Label Libel
by Carolyn Bennett, Canadian Minister of State
Marshall McLuhan was an important Canadian scholar. He invented the idea of the “global village” and observed that the “medium was the message.” He was very critical of “label libel.” Prejudice gets in the way of people seeing actions and words clearly. Once one is labeled, assumptions get made. It does seem unfair that once one is stuck with a label such as “bully” or “brain,” all of one’s actions and words get judged differently. Even other labels such as race, religion, and sexual orientation can affect the way people deal with one another. Barack Obama is a black candidate. Hillary Clinton is a female candidate. For some, everything he says and does is attributed to his race; everything she says and does is because she is a woman. They have many other characteristics, but they are assumed to have all of the characteristics of their “label.” Label libel.

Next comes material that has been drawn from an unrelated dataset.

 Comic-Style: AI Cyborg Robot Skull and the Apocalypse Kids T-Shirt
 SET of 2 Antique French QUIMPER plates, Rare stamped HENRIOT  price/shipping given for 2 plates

In Canada, we have just had a terrible example of this kind of label libel and discrimination. Canada has one of the lowest organ donation rates in the industrialized world. Over 4,000 Canadians are on the waiting lists for organ transplantation. Approximately 5 Canadians die every week while waiting for an organ donation. Organ donation is indeed the gift of life.
Yet the government of Canada has just released a set of rules that will mean that gay men would be unable to donate their kidneys, bone marrow, or corneasjust because they are gay.
This means that partners in a same-sex couple who have been faithful to one another for a very long time would be unable to donate, while a heterosexual person with multiple sexual partners is not excluded. They call the rules “Exclusionary Criteria.” It sounds like discrimination to me.
Gary Levy, head of Toronto University’s transplant programme, told CBC News that 7 out of every 100 potential donors could be excluded.
The Minister of Health for the province of Ontario, George Smitherman, is fighting the new rules. He said in a letter to Xtra in Toronto, “As a gay man who proudly carries every tissue and organ donation card I have ever received in my wallet, I was outraged by Health Canada’s new organ donation regulation.” He continues, “Quite simply targeting gay men is ludicrous and ridiculous. As Ontario’s Minister of Health I find the new regulations that single out a particular group irrelevant, ignorant and impractical. ... Let’s be clear: Gay men can and should still continue to sign their organ donor cards and give the gift of life. I will continue to do so.”
It is important that all of us recognize prejudice in all its forms, even when authorities say it’s for our own good.
It is even more important that each of us recognize “label libel” within ourselves. We must make sure we judge every comment and every action on its own merits. As girls, visible minorities, jocks, LGBTs, whatever, we want others to see us for what we do and say. We need to set the example of eliminating label libel, prejudice, and discrimination.